● **Exercise requirements**: Restate word for word the opening line of the data below and every line after it until the line with "Andreas And Petrinela", that line too, but not the pictures.

● **Listed records**:
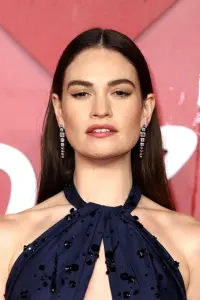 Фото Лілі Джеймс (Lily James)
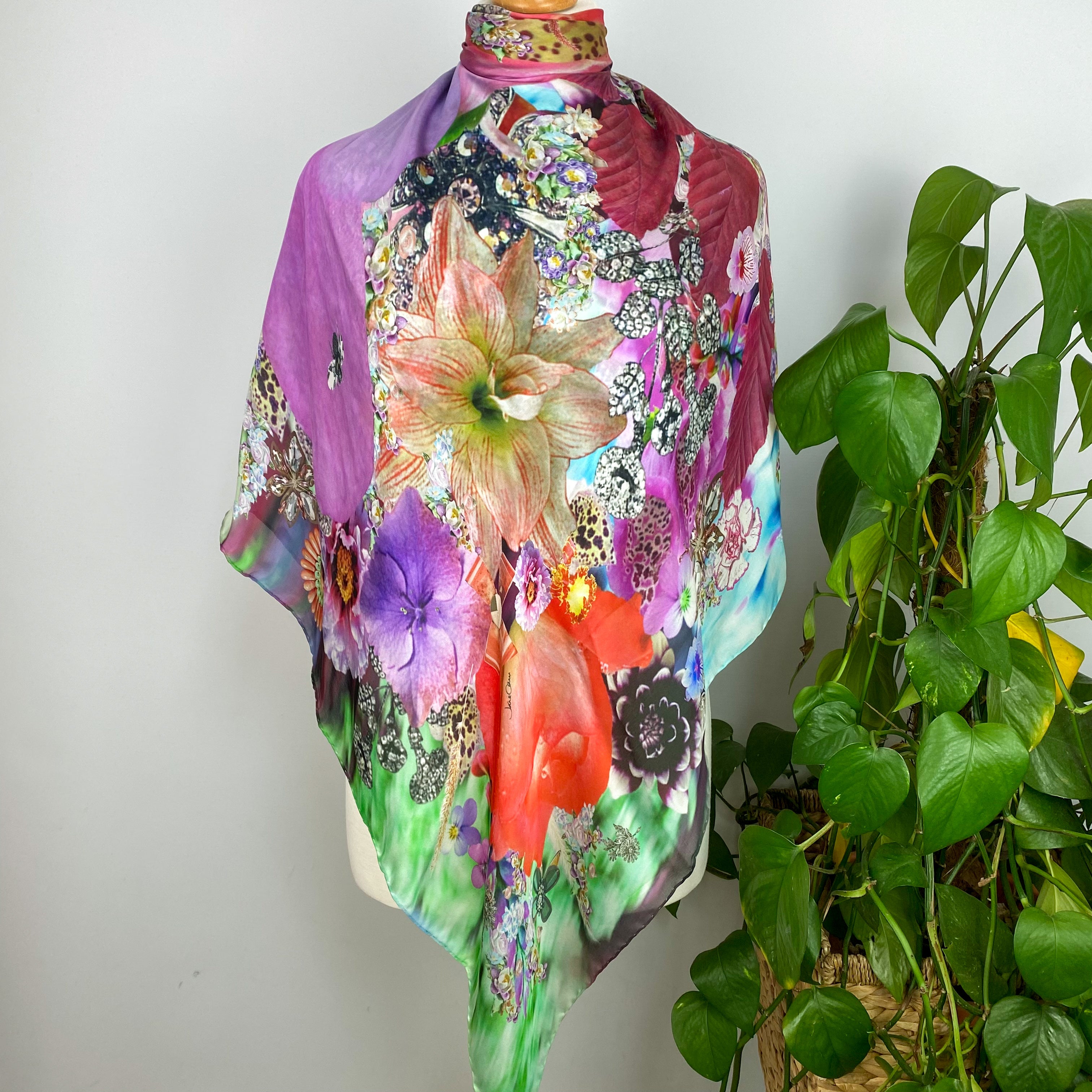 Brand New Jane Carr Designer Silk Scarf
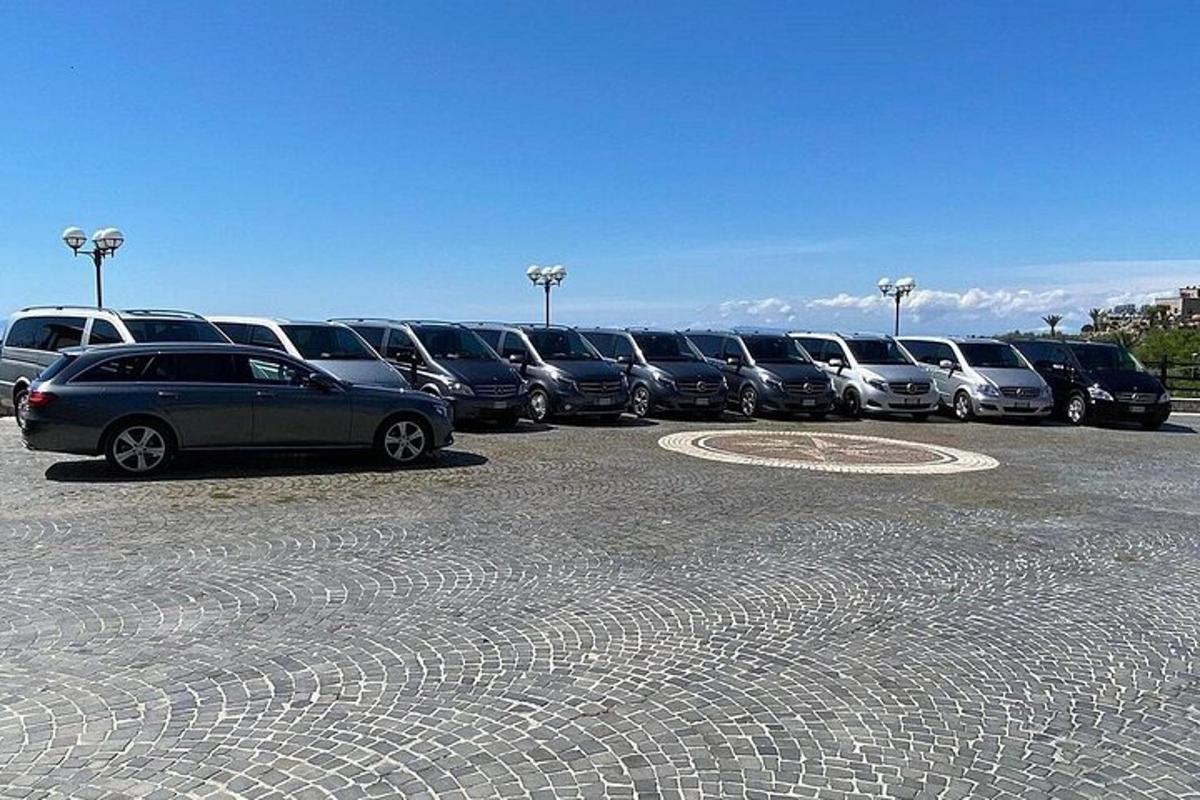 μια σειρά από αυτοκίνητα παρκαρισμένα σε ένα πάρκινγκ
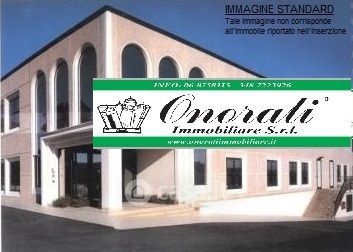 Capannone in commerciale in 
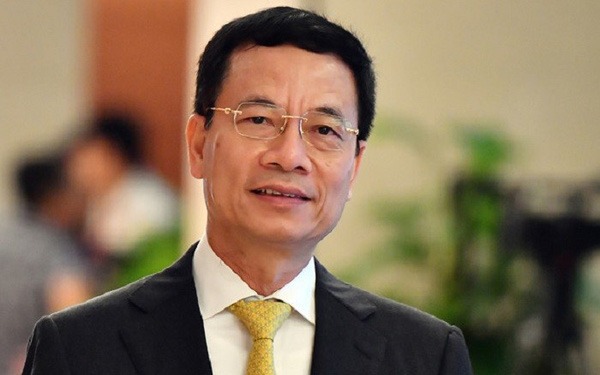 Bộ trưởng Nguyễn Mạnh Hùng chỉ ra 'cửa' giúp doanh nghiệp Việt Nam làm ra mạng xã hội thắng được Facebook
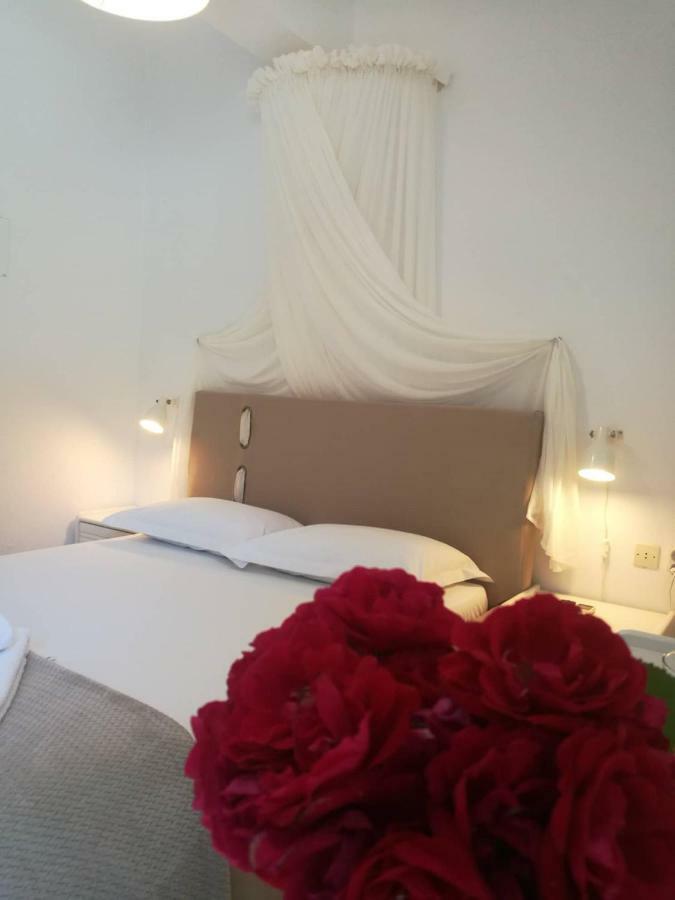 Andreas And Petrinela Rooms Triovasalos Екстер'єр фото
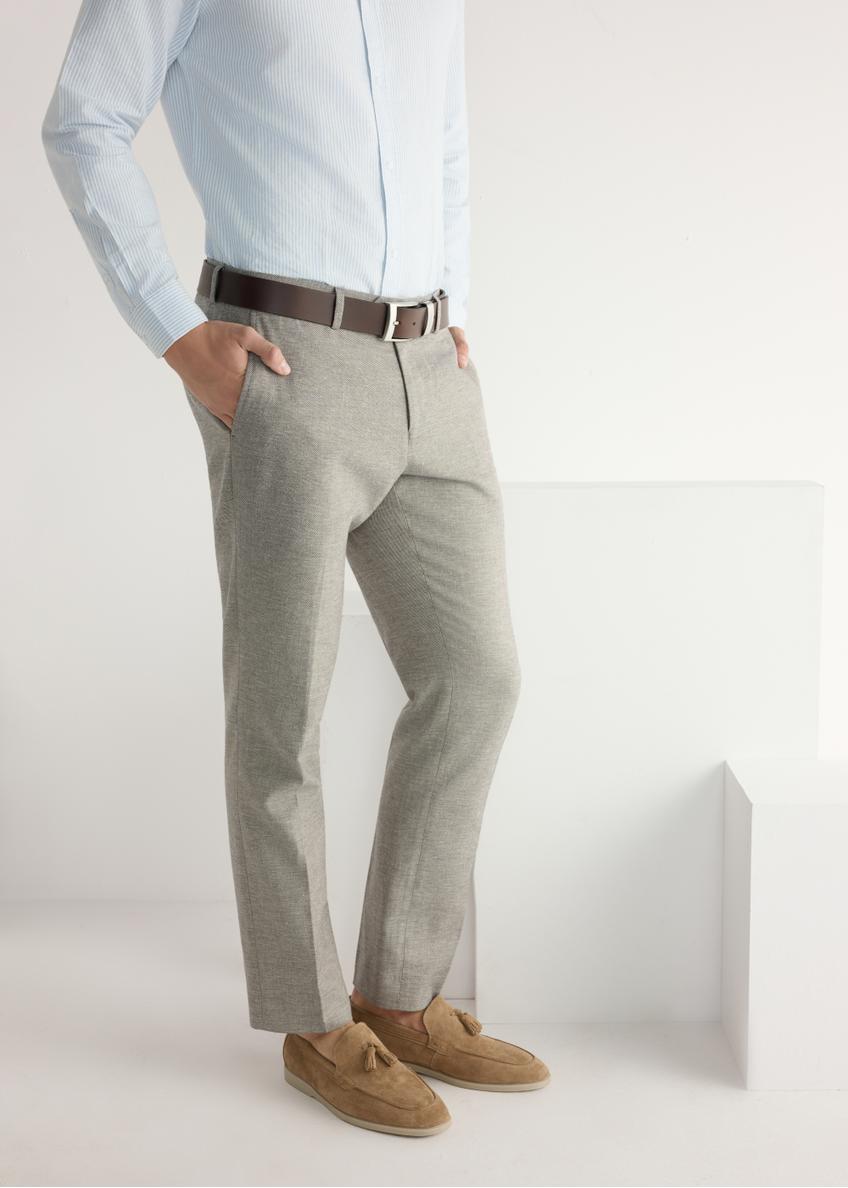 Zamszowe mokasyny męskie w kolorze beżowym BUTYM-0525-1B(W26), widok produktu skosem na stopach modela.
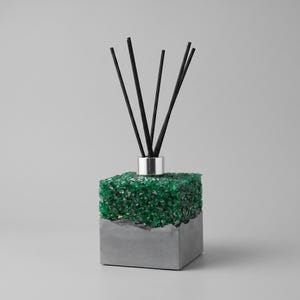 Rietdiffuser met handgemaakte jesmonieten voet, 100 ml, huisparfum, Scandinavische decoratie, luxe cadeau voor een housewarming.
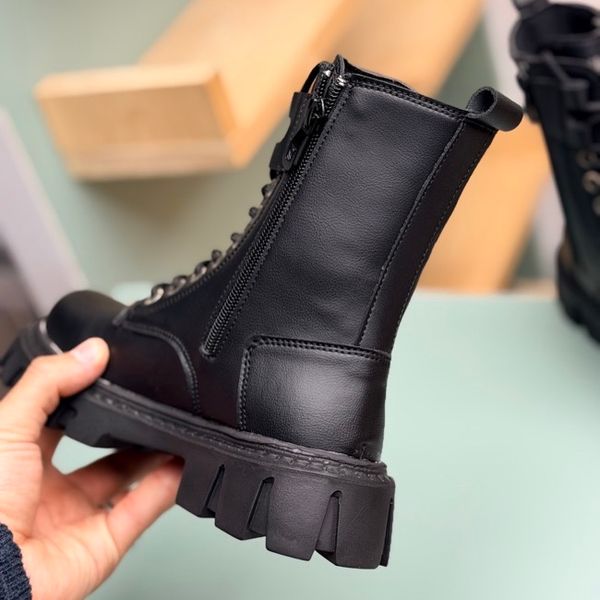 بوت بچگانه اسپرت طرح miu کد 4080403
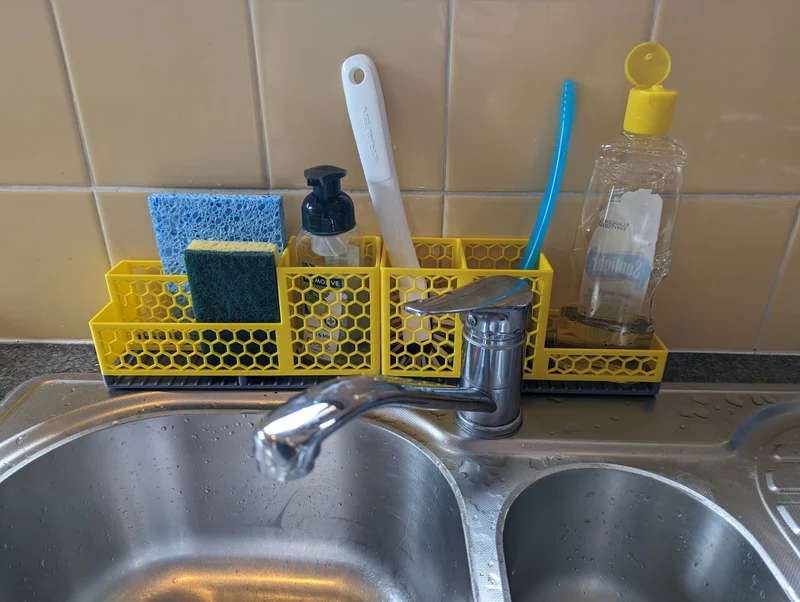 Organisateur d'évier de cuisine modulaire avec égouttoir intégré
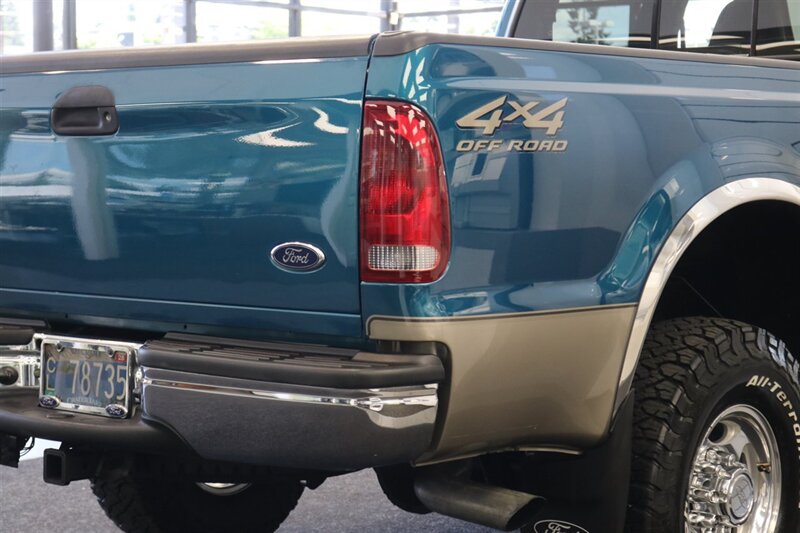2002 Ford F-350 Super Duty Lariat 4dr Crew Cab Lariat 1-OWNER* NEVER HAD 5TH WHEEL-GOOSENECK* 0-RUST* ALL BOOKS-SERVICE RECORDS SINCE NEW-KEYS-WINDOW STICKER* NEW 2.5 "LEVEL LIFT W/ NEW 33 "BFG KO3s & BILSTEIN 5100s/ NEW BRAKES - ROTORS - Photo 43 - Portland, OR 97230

● **Final answer**:
 Фото Лілі Джеймс (Lily James)
 Brand New Jane Carr Designer Silk Scarf
 μια σειρά από αυτοκίνητα παρκαρισμένα σε ένα πάρκινγκ
 Capannone in commerciale in 
 Bộ trưởng Nguyễn Mạnh Hùng chỉ ra 'cửa' giúp doanh nghiệp Việt Nam làm ra mạng xã hội thắng được Facebook
 Andreas And Petrinela Rooms Triovasalos Екстер'єр фото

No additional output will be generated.